Salamandre est la seule à disposer, il semblerait, d’une famille vivante et fonctionnelle. Encore que son père, sans lui vouloir du mal, lui a toujours manifesté une profonde indifférence. Ils n’ont jamais eu rien à se dire et il a accompli son rôle parce qu’il le devait, veillant à subvenir à ses besoins et lui offrant ponctuellement des cadeaux, mais sans s’impliquer émotionnellement. Car, lui, savait qu’elle n’était pas sa fille. Rien ne prouve que les choses eussent été différentes s’il avait cru à un lien génétique entre Salamandre et lui, bien sûr, mais c’est tout de même un beau gâchis. Cela n’a pas arrêté Gwenaëlle, qui avait porté ce bébé, mais le même rapport n’existait pas chez son mari. La faute lui en revient en partie, il était libre de son choix, mais aussi au Gardien du Feu qui a (malgré lui) trahi le secret. Au final, la figure masculine de référence a surtout été Briac, puisque Salamandre est en outre la seule Sang-Mêlé mise au monde par un couple ayant déjà eu un enfant.

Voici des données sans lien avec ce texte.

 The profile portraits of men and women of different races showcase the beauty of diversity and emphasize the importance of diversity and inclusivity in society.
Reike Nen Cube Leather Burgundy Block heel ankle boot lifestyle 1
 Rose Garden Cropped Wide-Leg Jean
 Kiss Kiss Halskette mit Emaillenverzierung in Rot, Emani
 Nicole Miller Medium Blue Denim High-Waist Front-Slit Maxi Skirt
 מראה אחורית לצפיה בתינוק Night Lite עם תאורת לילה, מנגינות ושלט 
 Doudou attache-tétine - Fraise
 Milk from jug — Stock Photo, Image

Un lecteur a récemment souligné la facilité avec laquelle les enfants du Feu acceptent leur nouvelle famille, surtout un père qui a toujours été absent jusqu’alors. J’en ai fourni la principale raison plus haut (un roman tout-public, centré plutôt sur l’aventure et la culture générale que sur les intrigues larmoyantes) mais j’en donne aussi une justification au sein du texte : les êtres magiques s’attirent, surtout s’ils sont issus du même élément. Deux êtres du Feu qui se croisent ont le sentiment d’avoir une quelconque parenté, encore plus quand c’est réellement le cas.

Par ailleurs, beaucoup de personnages avaient eu connaissance de leur filiation en off, avant de rencontrer Salamandre, donc ils eurent le temps de s’y faire. Seules Sigrid (je mentionne qu’elle a du mal à l’accepter mais la révélation et le fait de la calmer sont dans une ellipse) et Célia (dont la situation ne se prêtait pas aux grandes discussions) l’apprennent au cours du tome.

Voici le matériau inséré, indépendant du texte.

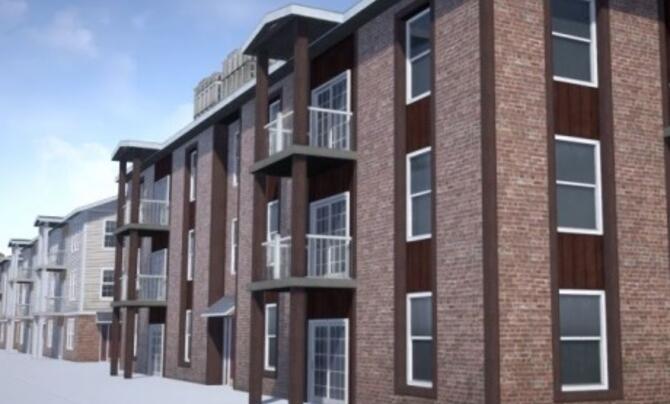 3D model of brick apartment building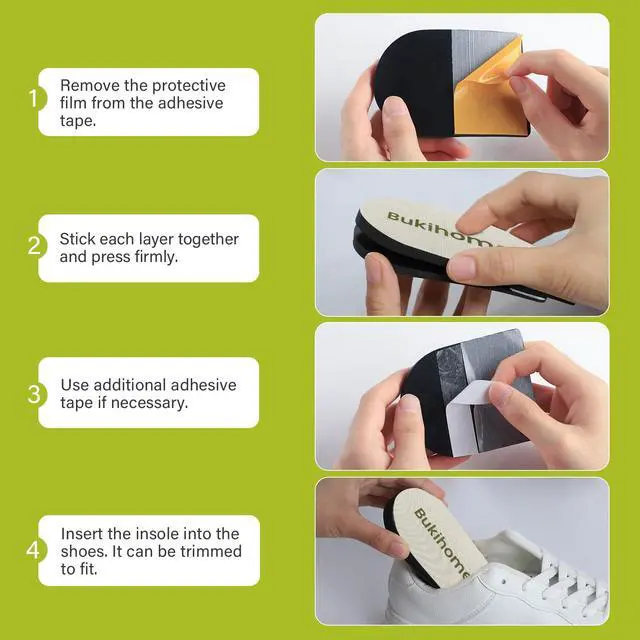 Alt view image 7 of 7 - Adjustable Heel Lift Inserts for Shoes - Bukihome Orthopedic Shoe Lift for Uneven Legs 4 Layers Height Increase Insole for Heel Pain,Heel Spur,Achilles Tendonitis(White,Small,Pack of 2)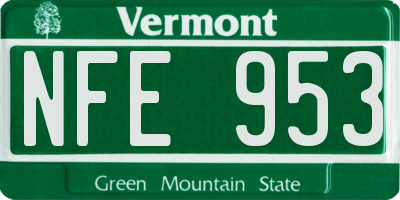 VT license plate NFE953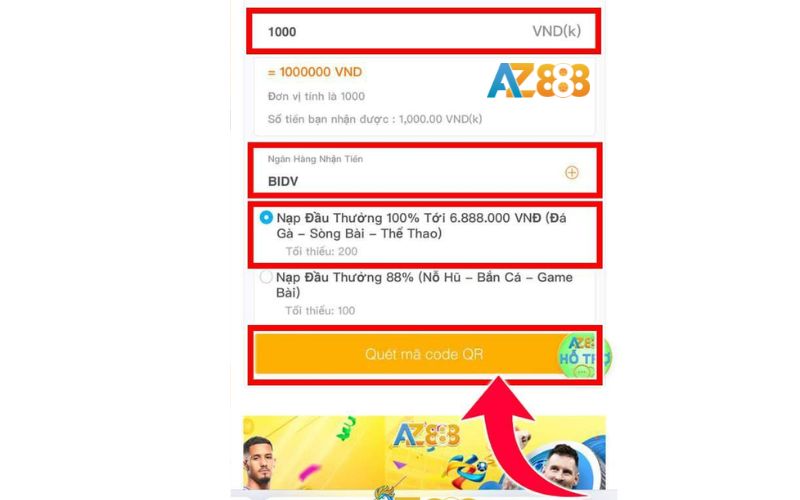 Điền thông tin số tiền nạp và quét mã code QR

Le rapport à leur vrai père est un peu différent. Pour la même raison, d’un être du Feu à un autre, ils vont plutôt être ouverts à lui. À part Léo, dont la colère était plus forte que cette attraction surnaturelle, alors qu’il a toujours espéré avoir un papa : il n’est pas émotionnellement prêt à pardonner et à le laisser entrer dans son cœur. Mais pour le reste du groupe, cela reste juste un inconnu, un nom avec une petite réputation, cependant ils ne l’ont jamais rencontré avant la toute-fin du livre (et cela dure seulement quelques minutes). Ils l’appellent « Père » par politesse, parce que c’est ce qu’il est, cela ne va guère au-delà. Sauf pour Salamandre : pendant ses deux mois à Cape Town, elle l’a retrouvé physiquement à plusieurs reprises (en général avec Léo) et deux à trois fois par semaine dans ses rêves. Ils ont eu le temps de faire connaissance, de s’apprivoiser. Elle l’apprécie mais ne lui accorde pas encore une confiance absolue et se sert beaucoup de lui pour assouvir sa soif de savoir, néanmoins le Gardien joue le jeu, puisque c’est une chose qu’ils ont en commun et leur meilleur moyen de tisser une relation. Elle est la seule qui, potentiellement, pourra éprouver un véritable amour filial pour lui un jour. Pour sa fratrie, il restera une figure bienveillante mais lointaine.